Material for the task Block Start

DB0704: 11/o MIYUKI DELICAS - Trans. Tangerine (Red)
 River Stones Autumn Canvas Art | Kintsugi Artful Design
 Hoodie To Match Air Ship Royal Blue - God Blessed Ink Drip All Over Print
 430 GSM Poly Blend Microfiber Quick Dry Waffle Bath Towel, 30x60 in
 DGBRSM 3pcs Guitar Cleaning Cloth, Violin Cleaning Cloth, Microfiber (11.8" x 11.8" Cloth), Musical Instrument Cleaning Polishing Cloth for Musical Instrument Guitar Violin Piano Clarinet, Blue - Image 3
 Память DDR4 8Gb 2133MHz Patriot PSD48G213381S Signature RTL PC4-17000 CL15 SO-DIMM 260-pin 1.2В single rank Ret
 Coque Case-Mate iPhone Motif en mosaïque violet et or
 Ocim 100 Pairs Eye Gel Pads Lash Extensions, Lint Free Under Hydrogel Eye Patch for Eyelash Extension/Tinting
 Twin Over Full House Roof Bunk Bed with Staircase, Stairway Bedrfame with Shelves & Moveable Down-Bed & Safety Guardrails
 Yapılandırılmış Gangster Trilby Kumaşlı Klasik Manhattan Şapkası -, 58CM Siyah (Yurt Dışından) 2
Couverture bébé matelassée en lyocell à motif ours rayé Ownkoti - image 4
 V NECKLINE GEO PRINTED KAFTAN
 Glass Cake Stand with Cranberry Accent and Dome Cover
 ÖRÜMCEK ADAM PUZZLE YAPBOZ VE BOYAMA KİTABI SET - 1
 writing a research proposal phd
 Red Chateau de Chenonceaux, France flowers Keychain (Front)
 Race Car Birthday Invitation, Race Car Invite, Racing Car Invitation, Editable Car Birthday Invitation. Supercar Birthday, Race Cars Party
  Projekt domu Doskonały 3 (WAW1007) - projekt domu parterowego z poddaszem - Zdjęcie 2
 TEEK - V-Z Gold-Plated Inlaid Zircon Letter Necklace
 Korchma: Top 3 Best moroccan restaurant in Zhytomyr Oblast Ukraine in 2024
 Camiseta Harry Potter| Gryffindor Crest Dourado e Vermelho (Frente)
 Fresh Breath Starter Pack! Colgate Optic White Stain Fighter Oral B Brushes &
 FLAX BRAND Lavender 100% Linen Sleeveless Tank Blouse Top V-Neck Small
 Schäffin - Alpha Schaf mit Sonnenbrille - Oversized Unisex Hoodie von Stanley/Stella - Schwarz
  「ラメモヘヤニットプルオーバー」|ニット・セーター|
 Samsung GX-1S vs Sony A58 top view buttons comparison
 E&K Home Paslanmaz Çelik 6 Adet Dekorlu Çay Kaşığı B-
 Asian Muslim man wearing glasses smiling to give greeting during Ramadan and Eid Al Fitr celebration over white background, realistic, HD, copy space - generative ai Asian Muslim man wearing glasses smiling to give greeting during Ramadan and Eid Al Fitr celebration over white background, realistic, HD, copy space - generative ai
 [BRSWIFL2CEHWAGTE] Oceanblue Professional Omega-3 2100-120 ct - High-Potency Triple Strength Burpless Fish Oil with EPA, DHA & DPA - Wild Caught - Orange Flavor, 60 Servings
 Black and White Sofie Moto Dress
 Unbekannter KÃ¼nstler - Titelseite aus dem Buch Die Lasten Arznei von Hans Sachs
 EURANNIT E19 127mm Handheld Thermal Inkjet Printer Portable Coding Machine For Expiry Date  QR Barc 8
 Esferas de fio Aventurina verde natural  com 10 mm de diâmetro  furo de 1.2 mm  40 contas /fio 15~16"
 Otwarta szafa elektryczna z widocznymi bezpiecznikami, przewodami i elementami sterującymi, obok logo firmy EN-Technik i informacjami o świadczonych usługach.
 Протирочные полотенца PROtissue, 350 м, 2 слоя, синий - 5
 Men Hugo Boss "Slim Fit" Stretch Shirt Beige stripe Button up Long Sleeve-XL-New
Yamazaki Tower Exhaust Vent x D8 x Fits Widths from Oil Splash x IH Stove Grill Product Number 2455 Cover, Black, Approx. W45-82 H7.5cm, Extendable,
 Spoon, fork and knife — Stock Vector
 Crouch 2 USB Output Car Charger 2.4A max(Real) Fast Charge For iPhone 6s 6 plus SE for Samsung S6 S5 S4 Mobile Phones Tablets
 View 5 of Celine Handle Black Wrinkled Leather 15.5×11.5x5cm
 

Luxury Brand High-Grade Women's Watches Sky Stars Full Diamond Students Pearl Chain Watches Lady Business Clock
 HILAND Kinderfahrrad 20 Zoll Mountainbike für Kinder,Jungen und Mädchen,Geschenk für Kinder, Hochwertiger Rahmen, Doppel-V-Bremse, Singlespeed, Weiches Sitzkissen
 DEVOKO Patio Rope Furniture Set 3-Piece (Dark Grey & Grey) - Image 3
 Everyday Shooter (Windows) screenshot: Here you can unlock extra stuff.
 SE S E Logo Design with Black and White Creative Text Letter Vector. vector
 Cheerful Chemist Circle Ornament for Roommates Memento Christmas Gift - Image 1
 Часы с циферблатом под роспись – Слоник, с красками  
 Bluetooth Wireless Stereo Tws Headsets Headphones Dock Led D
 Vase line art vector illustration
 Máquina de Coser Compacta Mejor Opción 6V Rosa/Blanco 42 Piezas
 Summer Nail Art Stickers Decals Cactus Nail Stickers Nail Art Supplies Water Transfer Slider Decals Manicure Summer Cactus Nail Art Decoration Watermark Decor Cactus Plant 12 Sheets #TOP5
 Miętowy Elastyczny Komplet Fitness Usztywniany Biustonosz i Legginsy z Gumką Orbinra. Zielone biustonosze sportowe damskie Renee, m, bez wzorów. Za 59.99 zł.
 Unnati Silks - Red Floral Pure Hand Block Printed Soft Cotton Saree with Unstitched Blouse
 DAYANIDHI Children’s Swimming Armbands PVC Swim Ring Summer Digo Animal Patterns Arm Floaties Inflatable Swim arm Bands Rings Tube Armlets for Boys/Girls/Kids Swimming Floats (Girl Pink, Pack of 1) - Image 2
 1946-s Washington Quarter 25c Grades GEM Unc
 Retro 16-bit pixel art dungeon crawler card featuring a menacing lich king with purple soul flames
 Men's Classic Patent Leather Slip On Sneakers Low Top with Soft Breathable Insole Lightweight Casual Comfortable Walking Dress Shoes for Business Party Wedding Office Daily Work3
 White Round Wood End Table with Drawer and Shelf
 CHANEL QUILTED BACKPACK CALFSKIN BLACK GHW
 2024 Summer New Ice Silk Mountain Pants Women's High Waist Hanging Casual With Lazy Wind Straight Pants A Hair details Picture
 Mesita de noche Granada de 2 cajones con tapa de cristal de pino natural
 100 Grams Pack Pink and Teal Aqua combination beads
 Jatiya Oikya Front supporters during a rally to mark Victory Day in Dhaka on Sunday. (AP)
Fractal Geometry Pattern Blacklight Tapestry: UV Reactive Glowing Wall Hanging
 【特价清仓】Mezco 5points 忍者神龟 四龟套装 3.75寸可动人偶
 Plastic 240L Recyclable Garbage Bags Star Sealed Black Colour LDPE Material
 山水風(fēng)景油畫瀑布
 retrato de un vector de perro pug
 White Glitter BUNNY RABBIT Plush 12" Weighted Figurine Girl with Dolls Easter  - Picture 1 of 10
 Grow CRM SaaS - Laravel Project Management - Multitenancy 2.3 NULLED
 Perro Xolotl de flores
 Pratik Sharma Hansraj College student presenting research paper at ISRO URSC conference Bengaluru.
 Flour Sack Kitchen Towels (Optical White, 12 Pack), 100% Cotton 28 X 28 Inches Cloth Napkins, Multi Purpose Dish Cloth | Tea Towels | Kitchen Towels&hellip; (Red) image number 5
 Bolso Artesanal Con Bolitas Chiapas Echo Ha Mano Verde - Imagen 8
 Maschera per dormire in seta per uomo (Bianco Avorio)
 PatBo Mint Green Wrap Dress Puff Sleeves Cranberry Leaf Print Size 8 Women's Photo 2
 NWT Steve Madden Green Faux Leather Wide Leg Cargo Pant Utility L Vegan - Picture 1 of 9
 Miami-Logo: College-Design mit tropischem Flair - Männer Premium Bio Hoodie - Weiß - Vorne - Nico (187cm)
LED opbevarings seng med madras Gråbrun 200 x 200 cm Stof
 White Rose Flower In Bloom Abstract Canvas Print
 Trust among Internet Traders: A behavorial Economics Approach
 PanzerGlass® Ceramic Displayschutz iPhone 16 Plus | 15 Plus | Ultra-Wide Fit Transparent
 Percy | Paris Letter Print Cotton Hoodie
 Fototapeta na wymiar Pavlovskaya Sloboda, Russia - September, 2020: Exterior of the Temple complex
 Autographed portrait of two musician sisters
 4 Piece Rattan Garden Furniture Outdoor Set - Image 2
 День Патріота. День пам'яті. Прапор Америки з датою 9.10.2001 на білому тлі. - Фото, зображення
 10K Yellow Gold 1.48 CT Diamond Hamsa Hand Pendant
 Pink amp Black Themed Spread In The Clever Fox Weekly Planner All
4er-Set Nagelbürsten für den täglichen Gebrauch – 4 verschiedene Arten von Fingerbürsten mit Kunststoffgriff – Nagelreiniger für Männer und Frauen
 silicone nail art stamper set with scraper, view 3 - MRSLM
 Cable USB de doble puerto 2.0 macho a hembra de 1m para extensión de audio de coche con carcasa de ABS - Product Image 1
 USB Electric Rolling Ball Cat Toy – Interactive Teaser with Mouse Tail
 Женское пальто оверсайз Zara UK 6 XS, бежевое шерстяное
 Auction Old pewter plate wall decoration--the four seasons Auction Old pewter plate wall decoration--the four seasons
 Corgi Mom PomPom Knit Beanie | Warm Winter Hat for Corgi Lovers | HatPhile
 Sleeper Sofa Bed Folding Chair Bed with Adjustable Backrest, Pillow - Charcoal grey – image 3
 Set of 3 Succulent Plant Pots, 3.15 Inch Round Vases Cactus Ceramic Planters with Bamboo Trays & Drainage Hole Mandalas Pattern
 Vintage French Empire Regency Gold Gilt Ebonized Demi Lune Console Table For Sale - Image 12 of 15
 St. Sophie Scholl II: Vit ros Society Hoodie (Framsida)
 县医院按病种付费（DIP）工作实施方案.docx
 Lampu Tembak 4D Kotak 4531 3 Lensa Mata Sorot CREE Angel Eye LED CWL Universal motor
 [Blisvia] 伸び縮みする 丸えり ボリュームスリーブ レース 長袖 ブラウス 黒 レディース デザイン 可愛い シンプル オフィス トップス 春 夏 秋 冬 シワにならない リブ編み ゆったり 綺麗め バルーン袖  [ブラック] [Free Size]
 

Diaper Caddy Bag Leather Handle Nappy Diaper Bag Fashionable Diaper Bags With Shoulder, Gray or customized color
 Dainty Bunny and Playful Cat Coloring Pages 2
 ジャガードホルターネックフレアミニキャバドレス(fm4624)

Material for the task Block End

## Exercise aim
Reproduce word for word the lines of the records above, beginning at the first and ending with the line where "Korchma: Top 3" appears, and nothing past it.

## Exercise solution
DB0704: 11/o MIYUKI DELICAS - Trans. Tangerine (Red)
 River Stones Autumn Canvas Art | Kintsugi Artful Design
 Hoodie To Match Air Ship Royal Blue - God Blessed Ink Drip All Over Print
 430 GSM Poly Blend Microfiber Quick Dry Waffle Bath Towel, 30x60 in
 DGBRSM 3pcs Guitar Cleaning Cloth, Violin Cleaning Cloth, Microfiber (11.8" x 11.8" Cloth), Musical Instrument Cleaning Polishing Cloth for Musical Instrument Guitar Violin Piano Clarinet, Blue - Image 3
 Память DDR4 8Gb 2133MHz Patriot PSD48G213381S Signature RTL PC4-17000 CL15 SO-DIMM 260-pin 1.2В single rank Ret
 Coque Case-Mate iPhone Motif en mosaïque violet et or
 Ocim 100 Pairs Eye Gel Pads Lash Extensions, Lint Free Under Hydrogel Eye Patch for Eyelash Extension/Tinting
 Twin Over Full House Roof Bunk Bed with Staircase, Stairway Bedrfame with Shelves & Moveable Down-Bed & Safety Guardrails
 Yapılandırılmış Gangster Trilby Kumaşlı Klasik Manhattan Şapkası -, 58CM Siyah (Yurt Dışından) 2
Couverture bébé matelassée en lyocell à motif ours rayé Ownkoti - image 4
 V NECKLINE GEO PRINTED KAFTAN
 Glass Cake Stand with Cranberry Accent and Dome Cover
 ÖRÜMCEK ADAM PUZZLE YAPBOZ VE BOYAMA KİTABI SET - 1
 writing a research proposal phd
 Red Chateau de Chenonceaux, France flowers Keychain (Front)
 Race Car Birthday Invitation, Race Car Invite, Racing Car Invitation, Editable Car Birthday Invitation. Supercar Birthday, Race Cars Party
  Projekt domu Doskonały 3 (WAW1007) - projekt domu parterowego z poddaszem - Zdjęcie 2
 TEEK - V-Z Gold-Plated Inlaid Zircon Letter Necklace
 Korchma: Top 3 Best moroccan restaurant in Zhytomyr Oblast Ukraine in 2024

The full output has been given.